Information supplied ::
———
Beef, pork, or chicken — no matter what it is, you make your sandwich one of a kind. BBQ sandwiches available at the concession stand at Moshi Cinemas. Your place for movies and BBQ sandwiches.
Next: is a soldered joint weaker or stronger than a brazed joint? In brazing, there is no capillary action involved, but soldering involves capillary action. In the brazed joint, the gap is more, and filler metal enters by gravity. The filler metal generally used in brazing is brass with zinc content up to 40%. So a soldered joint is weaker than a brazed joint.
———
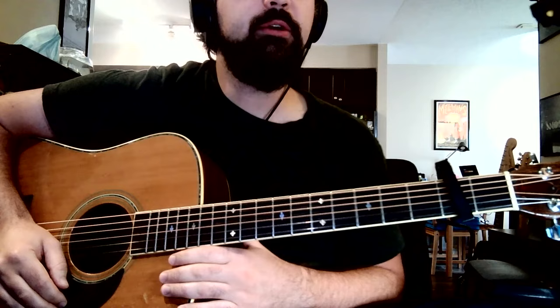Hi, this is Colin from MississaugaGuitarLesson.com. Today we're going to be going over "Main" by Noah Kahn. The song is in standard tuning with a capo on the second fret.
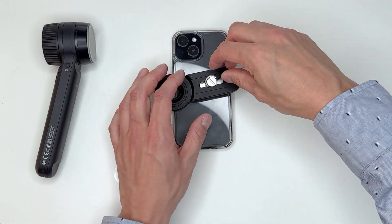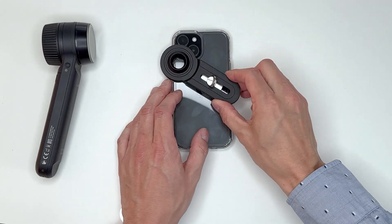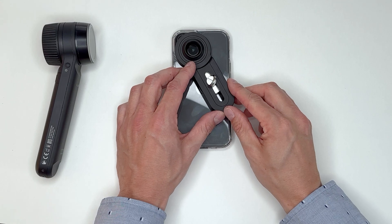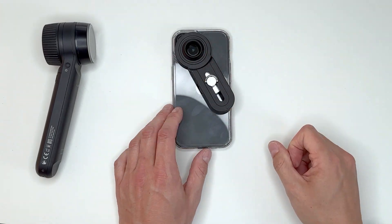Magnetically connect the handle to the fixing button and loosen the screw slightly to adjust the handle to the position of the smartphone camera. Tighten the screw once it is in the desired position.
———
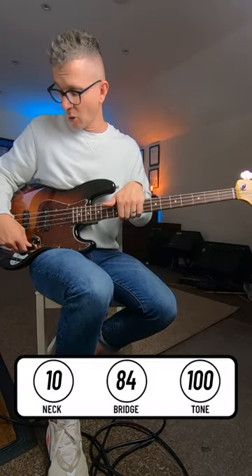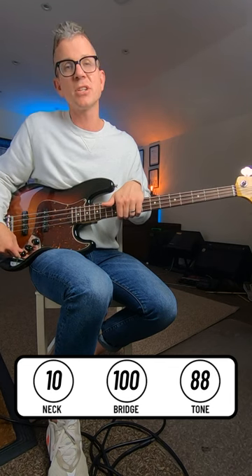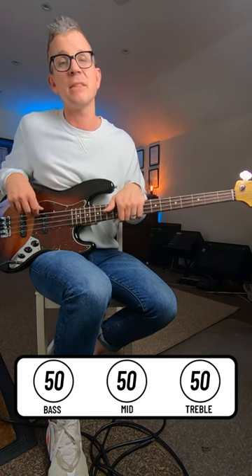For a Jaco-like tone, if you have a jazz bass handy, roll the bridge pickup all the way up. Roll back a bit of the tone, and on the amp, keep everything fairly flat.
———
Action item :: Output the lines above between the one holding "Beef, pork, or" and the one holding "Next: is a soldered", inclusive, with nothing before or after them.

Exercise answer ::
Beef, pork, or chicken — no matter what it is, you make your sandwich one of a kind. BBQ sandwiches available at the concession stand at Moshi Cinemas. Your place for movies and BBQ sandwiches.
Next: is a soldered joint weaker or stronger than a brazed joint? In brazing, there is no capillary action involved, but soldering involves capillary action. In the brazed joint, the gap is more, and filler metal enters by gravity. The filler metal generally used in brazing is brass with zinc content up to 40%. So a soldered joint is weaker than a brazed joint.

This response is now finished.